Slow Motion House Price Correction?

As part of our regular communication pieces, we thought it would be nice to hear from some of the managers who invest our clients’ money. We try to pick topical or educational matters which we think our clients will find interesting and informative.



The first blog is by Ed Monk, Ed joined Fidelity in 2016 following a 13-year career in newspaper journalism, most recently as Investment Editor at The Daily Telegraph. He was previously News Editor and Personal Finance Editor for Thisismoney.co.uk, the money channel for Mail Online and has contributed articles to the Daily Mail.


Slow Motion house price correction.


Unlike the stock market, where a change in mood and the direction of prices can be sudden, it takes far longer for sentiment in the property market to turn around.


Part of the reason for that is that property transactions take a long time, which is not the case for much more liquid assets like shares. The lengthy house-buying process requires prices not to swing about in the short term, and they tend not to.


How we view property, particularly over the past 20 years or more, also contributes to the stickiness of house prices. Sellers have become used to not ever having to cope with a fall in their property’s value, so they simply won’t agree to sell for anything other than a healthy capital gain.


But is that about to change?


Rightmove, the property listing website, today published its latest house price index which confirmed the first fall in prices in the South East of England since 2011. Unlike most other house price data, the Rightmove figures record asking prices listed by sellers on its website. It is a snapshot of seller sentiment.


I don’t wish to overblow the numbers - the average asking price for the whole of the UK was 0.8% higher in April than a year before, and seven out of 11 regions posted their highest ever asking price. The fall in the South East was only 0.1%.


Yet it should still give us pause for thought. Not since the dark days of the financial crisis, with the economy on life support and a double-dip recession a real possibility, have house sellers in the well-heeled South East deemed it necessary to give way in property negotiations.


Asking prices in London, which is regarded as a separate region, have already been falling and this appears to be spreading now to the wider South East. There’s a theory that, rather than being a separate market from the rest of the UK, London property instead tends to forerun the rest of the country.
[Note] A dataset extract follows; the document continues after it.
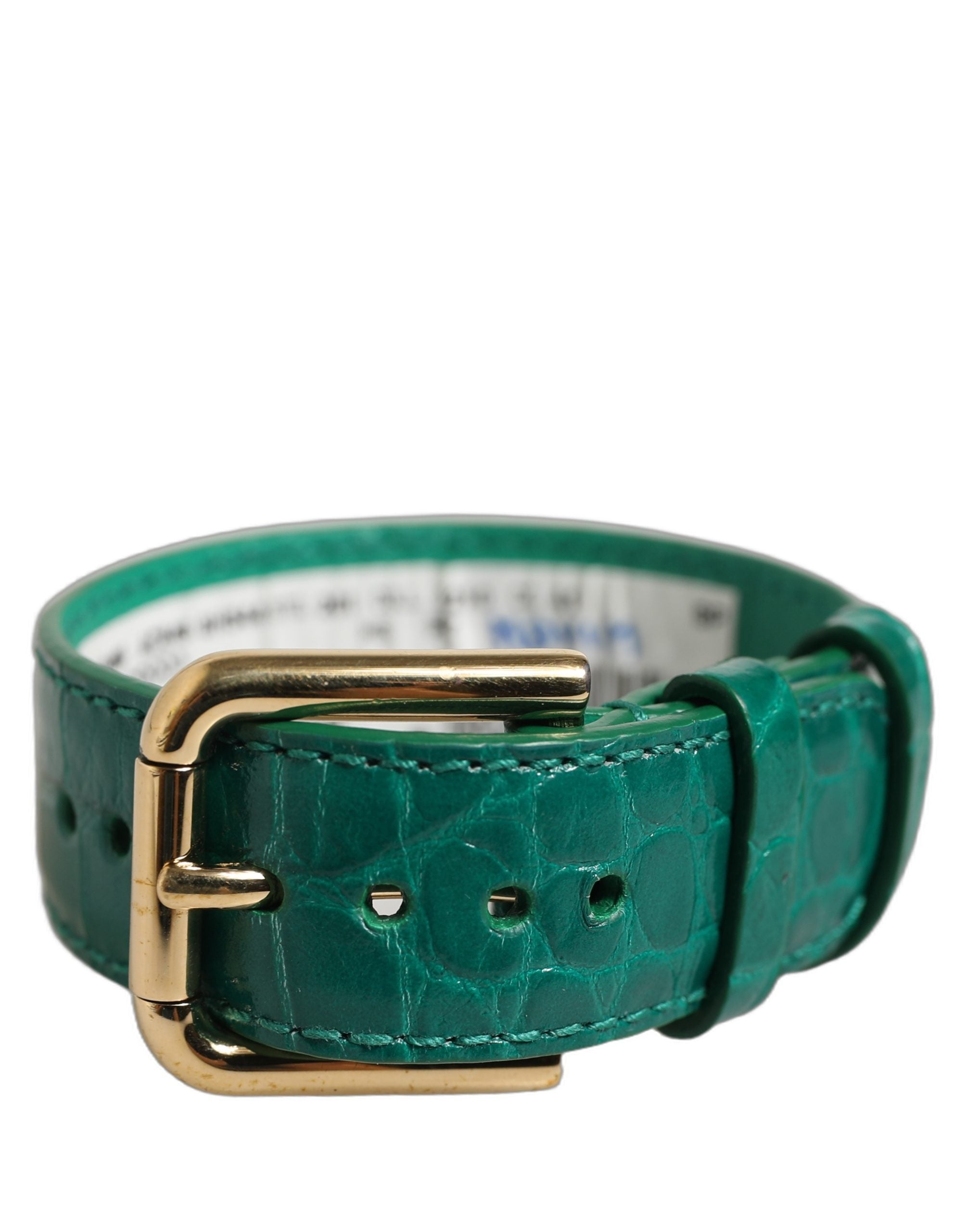 Dolce & Gabbana Armband aus grünem Leder mit Prägung und goldener Schnalle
You can see this effect if you consider the way prices have risen over the years, starting from London.


As the global appeal of the richest London neighbourhoods drove prices there sky-high, residents cashed-in and moved to less established areas. Sellers from Kensington, say, moved to Putney or Islington, where the process was repeated and sellers in those places shipped out to Brixton or Walthamstow. Or to satellites of the London market such as Brighton or Oxford, and on and on it went.


We could now be seeing that process beginning to work in reverse. A slow-motion correction.


For those who have simply bought a property to live in, this should be of no concern. Among these people, the only real benefit of fast rising prices comes to those downsizing or moving to a less desirable area. For everyone else, what you gain by selling you then lose by having to pay more when you buy.


The real pain of falling house prices falls on those who have purchased investment properties in addition to their home.


So far, the pain has been limited. Yet the slow-moving nature of housing market sentiment suggests that, now sellers have become more negative, more widespread falls will follow.